◆ Given data:
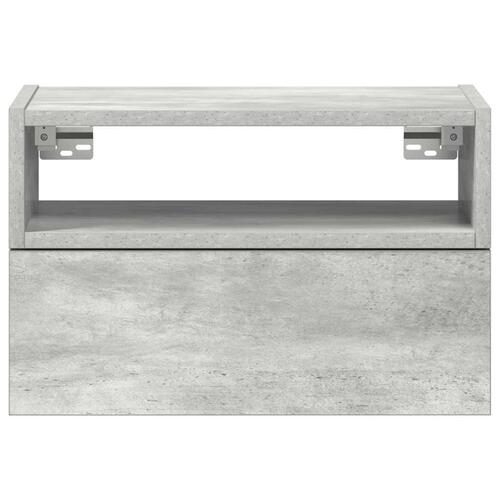 Væghængte sengeborde 2 stk. 45x26x28,5 cm betongrå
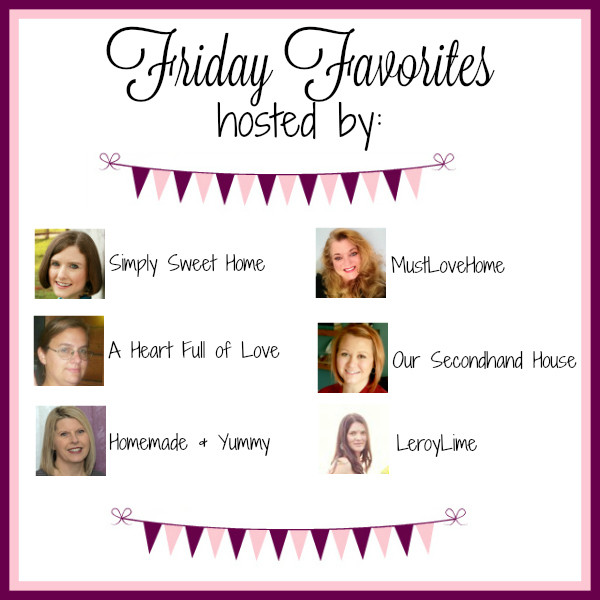 Friday Favorites Banner 2016 3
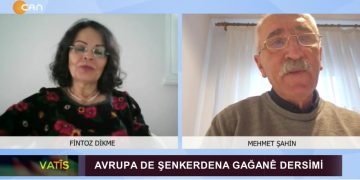 AVRUPA DE ŞENKERDENA GAĞANÊ DERSİM – Fintoz Dikme’nin Hazırlayıp Sunduğu Vatis Programının Konuğu Mehmet Şahin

◆ Work item: All of the material above is to be copied exactly, except for its images.

◆ Output below:
 Væghængte sengeborde 2 stk. 45x26x28,5 cm betongrå
 Friday Favorites Banner 2016 3
 AVRUPA DE ŞENKERDENA GAĞANÊ DERSİM – Fintoz Dikme’nin Hazırlayıp Sunduğu Vatis Programının Konuğu Mehmet Şahin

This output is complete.